Reputation: 1480
I read that clang compiler can offload OpenMP regions to GPUs. However, I am confused on the way to compile the code with clang. The clang version that is installed in our cluster is 3.9.0 (tags/RELEASE_390/final 288133). The code I want to offload is basically a matrix-matrix multiplication:
#pragma omp target parallel for shared(C,P,T) private(i,j,k)
for (i=0; i<N; i++) {
for (j=0; j<N; j++) {
for (k=0; k<N; k++) {
C[i][j] += P[i][k]*T[k][j];
}
}
}
I am compiling with
clang -O3 -fopenmp-targets=x86_64-unknown-linux-gnu mm.c
clang-3.9: warning: argument unused during compilation: '-fopenmp-targets=x86_64-unknown-linux-gnu'
What I don't know is if my installed version of clang is being able to offload code to GPUs and if so, how could I do it.

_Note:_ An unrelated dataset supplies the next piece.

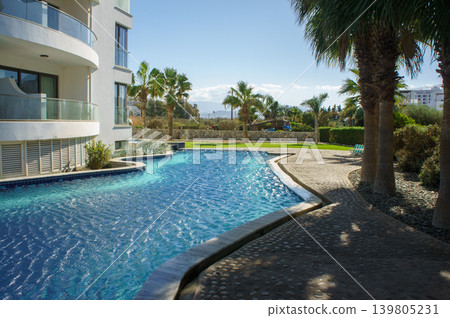 Tranquil oasis with a swimming pool surrounded by palm trees on a sunny day. Tranquil oasis with a swimming pool surrounded by palm trees on a sunny day. 139805231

Any comment is welcome.
Upvotes: 4
Views: 2492
Reputation: 1239
Short answer: According to the Clang 3.9.0 Release Notes it is not:
Currently Clang supports OpenMP 3.1 and all non-offloading features of OpenMP 4.0/4.5. Offloading features are under development.
I couldn't find anything in the newer release notes on whether or not it has been officially added in the meantime to a newer version. There seems to be some support though. The libomptarget doc states two plugins
generic 64 bit for the following targets:
powerpc64-ibm-linux-gnu
powerpc64le-ibm-linux-gnu
x86_64-pc-linux-gnu
cuda, for the target (see this):
nvptx-nvidia-cuda
nvptx64-nvidia-cuda
Maybe this document helps you if you want to try building your own Clang.
A list of OpenMP implementations can be found here. GCC 6.1 and newer fully supports OpenMP 4.5. Offloading seems to be support by GCC 5 and later, but for Nvidia GPUs only via OpenACC, see here.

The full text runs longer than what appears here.